* _TASK PROMPT_
Give a verbatim copy of the lines below, minus the pictures.

* _SOURCE MATERIAL_
______________________________
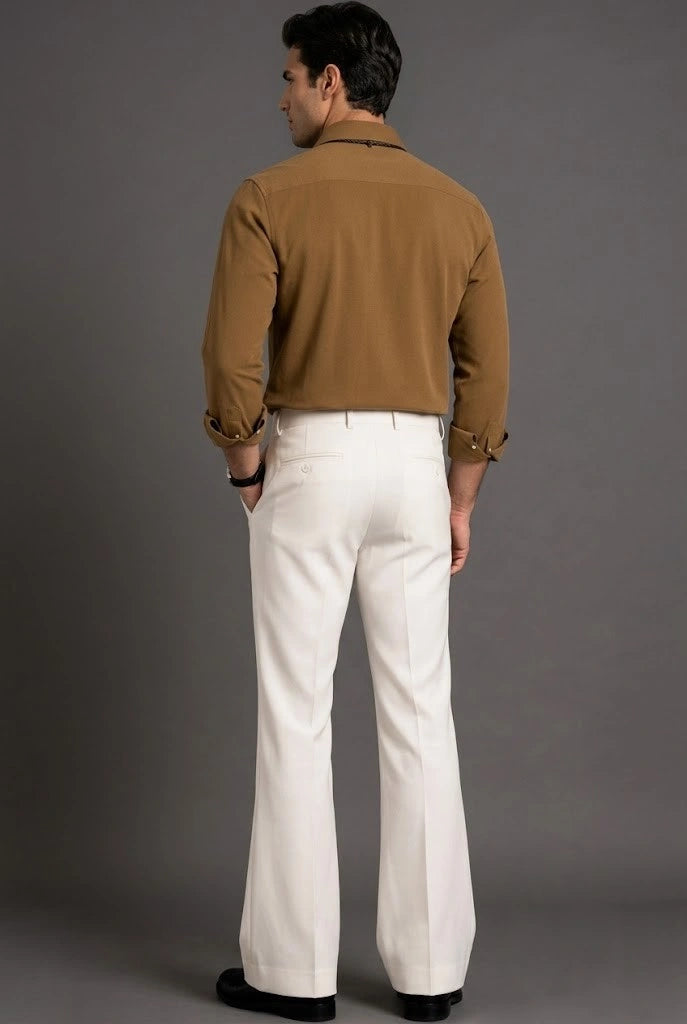 Back Side Off White Trouser 80s Trending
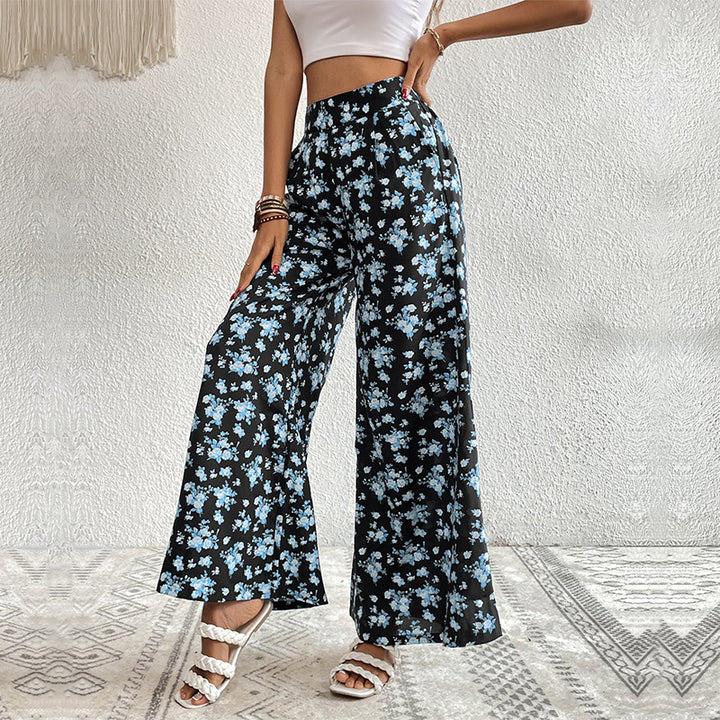Chic and Stylish Floral Wide Leg Pants for Women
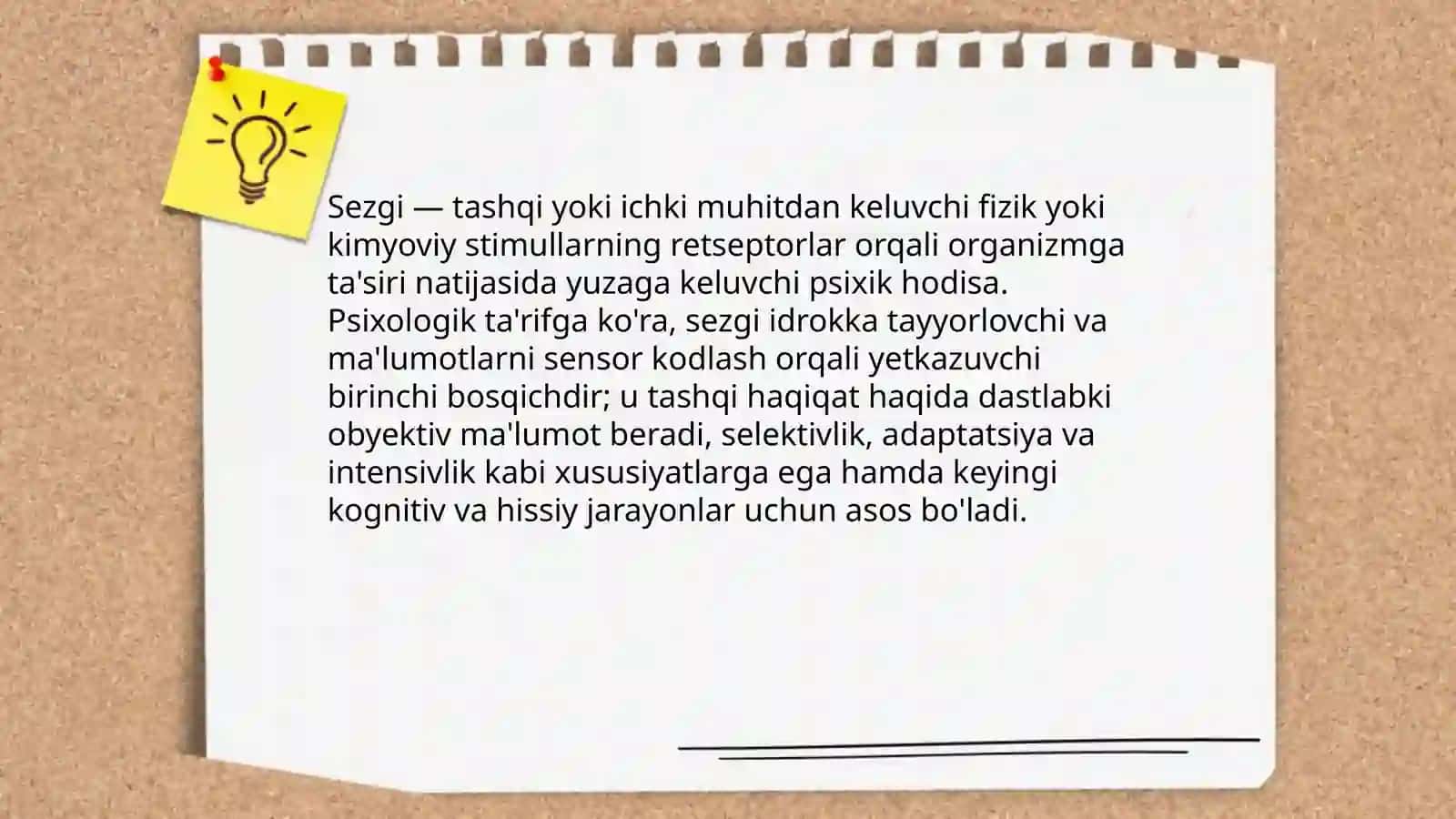 Sezgi va uning turlari 3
______________________________
* _TASK RESULT_
 Back Side Off White Trouser 80s Trending
Chic and Stylish Floral Wide Leg Pants for Women
 Sezgi va uning turlari 3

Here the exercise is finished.